──────── Data supplied

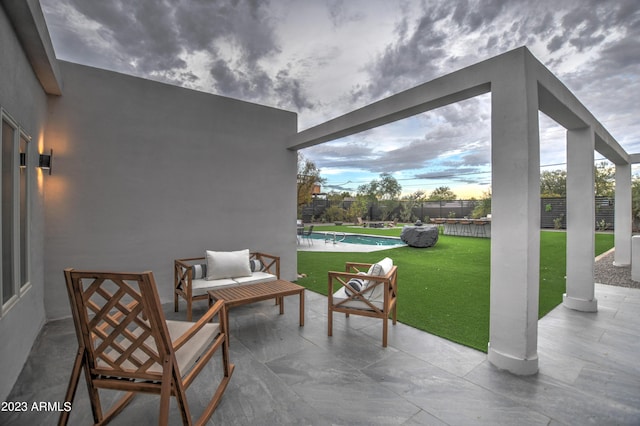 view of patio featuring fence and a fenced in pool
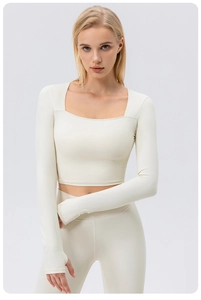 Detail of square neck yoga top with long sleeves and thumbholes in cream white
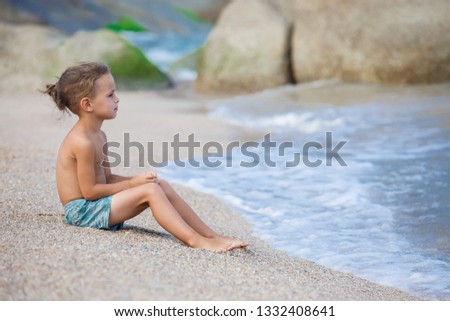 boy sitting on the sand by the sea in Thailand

────────────────
──────── Data supplied

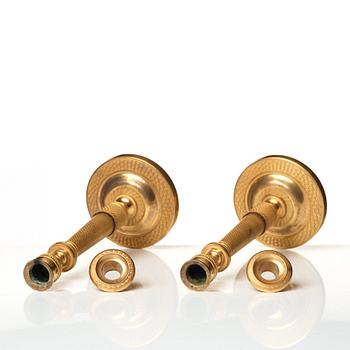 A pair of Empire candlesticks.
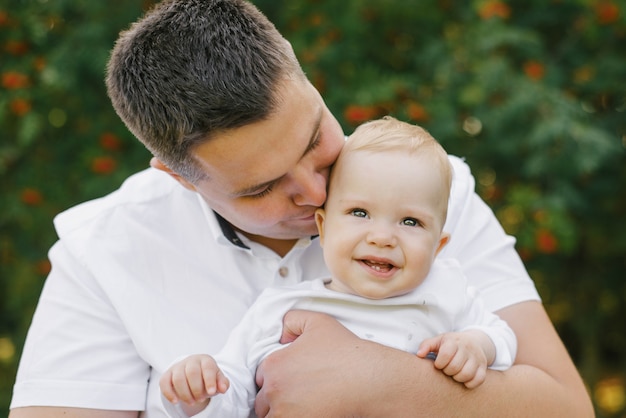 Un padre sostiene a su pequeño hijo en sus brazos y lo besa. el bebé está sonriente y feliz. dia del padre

────────────────
──────── Data supplied

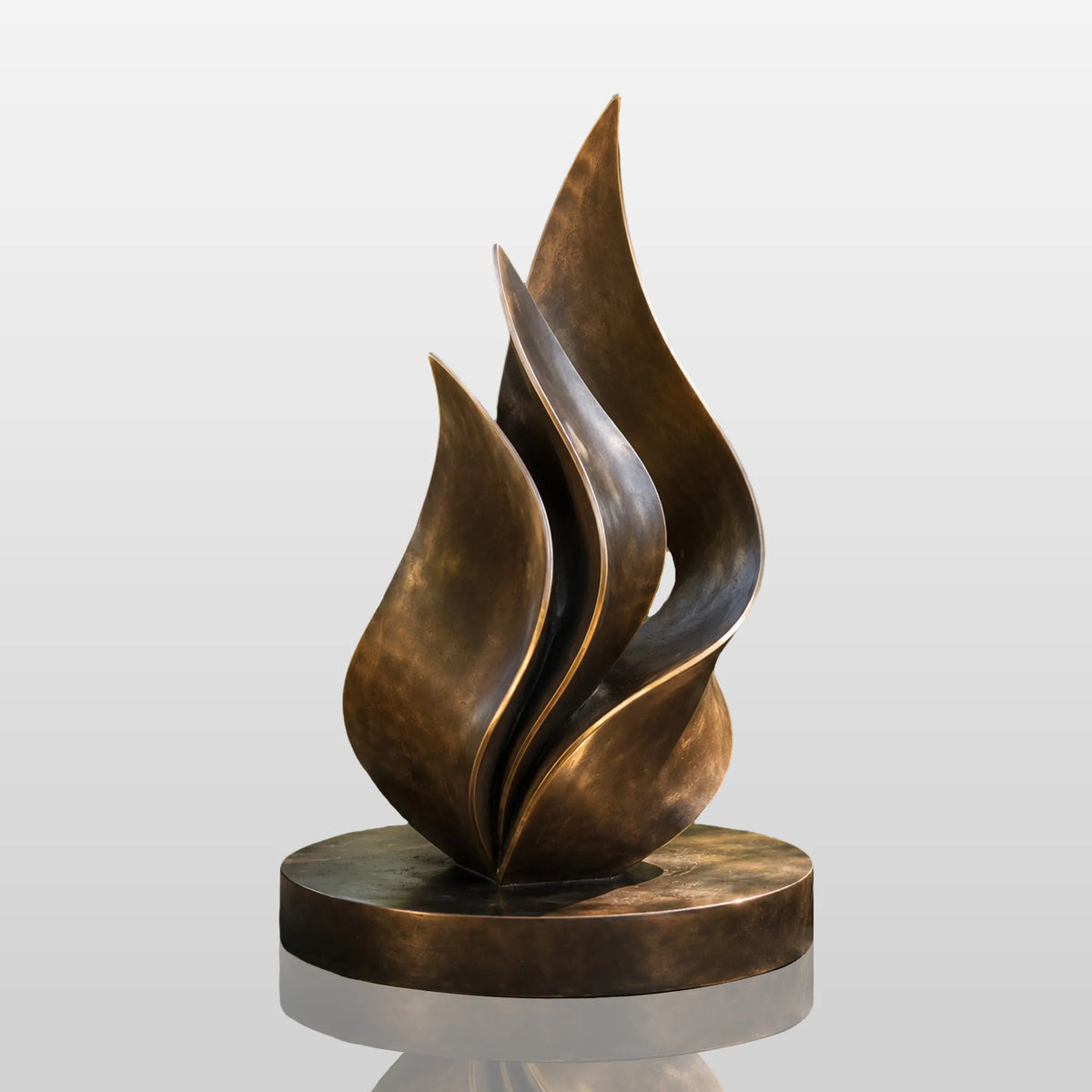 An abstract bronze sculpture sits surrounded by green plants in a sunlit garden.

────────────────

## Task instructions:
Go down the entries above from the line containing "view of patio" to the line containing "boy sitting on" and write out each line exactly, leaving pictures out.

## Response to the exercise:
 view of patio featuring fence and a fenced in pool
 Detail of square neck yoga top with long sleeves and thumbholes in cream white
 boy sitting on the sand by the sea in Thailand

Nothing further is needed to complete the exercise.